Стало так хорошо и тепло на душе, что, проигнорировав присутствие контролирующего органа, налили по стакану и себе. Чокнулись, включили подъемные механизмы рук и ЗАСТЫЛИ: Витек, пустив слюну, закатил глаза и медленно сполз по переборке! Дальше была тишина - жуткая, зверская тишина.
- Кажется, это была волчья ягода...Отморячились! - прошептал Фролыч, подумав, что пора топиться.
- Кто? - не понял друг.
- Он - точно, а мы - наверняка. Не ботаник ты, Василич, не ботаник...
- Думаешь - ошиблись? - ойкнул Василич.
- А ты их цвет помнишь? Точно желтые или красноватые? - тужился Фролыч.
- Хрен его знает, вроде желтый. Может, обойдется? - всхлипнул друг.
- Нет, это редкий песец, стопроцентный. Смотри, как побелел!
Несчастные еще минуту стояли как вкопанные, пока не поняли, что перед тем, как топиться, надо сбегать за доктором. Они уже были в двери, когда вдруг услышали «Хррррррр» - протяжный богатырский храп из угла каюты.
- Ты знаешь, - сказал мне Фролыч при встрече, - с тех пор я люблю храпящих особистов. Храпит - значит, что жив!
Довелось мне тут побывать на праздновании трехсотлетия Кронштадта.
Конечно, не как официально приглашенное лицо, а так, шпаком гражданским походил,значит, по городу, вспоминая места "боевой славы" лейтенантской, поностальгировал. Между прочим, и корабли посетил, открытые для посещения гражданской публики. Исплевался. Такое состояние кораблей, что кажется, экипажей на них и в помине полчаса назад не было, и приборку элементарную там не делали неизвестно сколько.
Вот и вспомнилось... Кронштадт... Боцман...
Уж сколько анекдотов про рассеянных ученых рассказывают - не перечесть.
Вот Вооруженные Силы нашей страны - я Советский Союз, конечно, имею в виду - на такого рассеянного ученого в чем-то смахивали.
То есть в главном - лучше в мире нет, и боеспособность, и готовность, и так далее.
А где-то в каких-то мелочах - ну полная беспомощность и бардак страшный. И случались в этом бардаке совершенно на первый взгляд вещи немыслимые.
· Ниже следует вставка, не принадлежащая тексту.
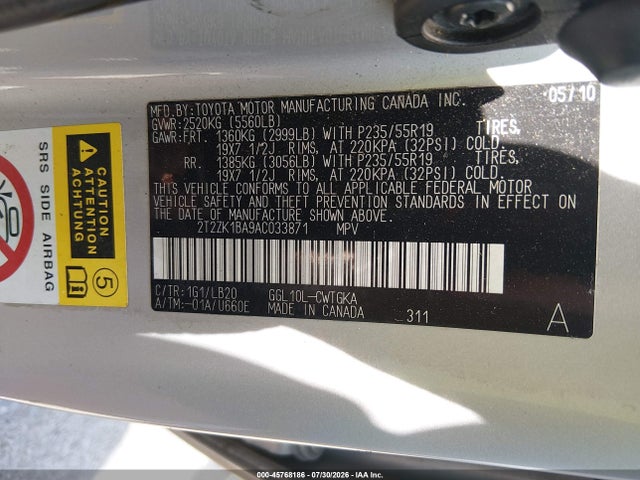 45768186 :رقم المزاد ، 2T2ZK1BA9AC033871 vin ، 2010 Lexus Rx 350 مزاد بيع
Это все конечно, я о прошлом веке, о двадцатом.
Сейчас в Вооруженных Силах от былой их славы, пожалуй, только ядерная дубинка да бардак и остались.
Причем, последний до неимоверных размеров разросся, никто ничему не удивляется, никого ничем не удивишь. Года два-три назад, когда я в Город приезжал, да знакомых встречал иногда - еще дергался от изумления, как, например, можно на должности третьего ранга - капитаном второго ранга стать, а уж на должности второго ранга - сам вроде бы бог велел каперангом ходить.
А потом как-то успокоился. Может они, нынешние, служат лучше нас, давешних... а может слово заветное знают... ладно, Господь все равно ведь по делам судит.
Отвлекся я как всегда, но вот о прошлом.
Начало восьмидесятых, дорогому Леониду Ильичу еще месяца четыре осталось, застой в разгаре.
А мы в аккурат на боевую собираемся. В Средиземное море, соответственно.
Подготовка по полной программе, все путем (не нынешним, не нынешним), неделя до выхода остается, задачи все отработали, проверки прошли, запасы на борту.
И даже время на предпоходовый отдых экипажу выделили - как положено.
Вызывает меня командир, прибываю, он сидит - мрачный. Соображаю, что еще случиться могло... а он:
- Плохо дело, старпом. Боцмана особисты в море не пускают.
- За что?
- А предшественник твой за что сидит? То-то. А боцман по его делу проходил, год условно получил. И год-то прошел давным давно, да только вот ребятам этим не докажешь ничего - осужденным на боевой делать нечего.
- А на замену кого?
- Да с соседнего парохода дают на боевую. Говорят, ничего...
Ладно. Жалко было боцмана - смерть. Очень толковый был морячина, хоть и молодой.
Корабль покрасить - нет проблем, палубу всю верхнюю стеклом отциклевать (да, да, было такое, деревянная палуба у нас была, и циклевали мы ее стеклышком битым) - будьте любезны.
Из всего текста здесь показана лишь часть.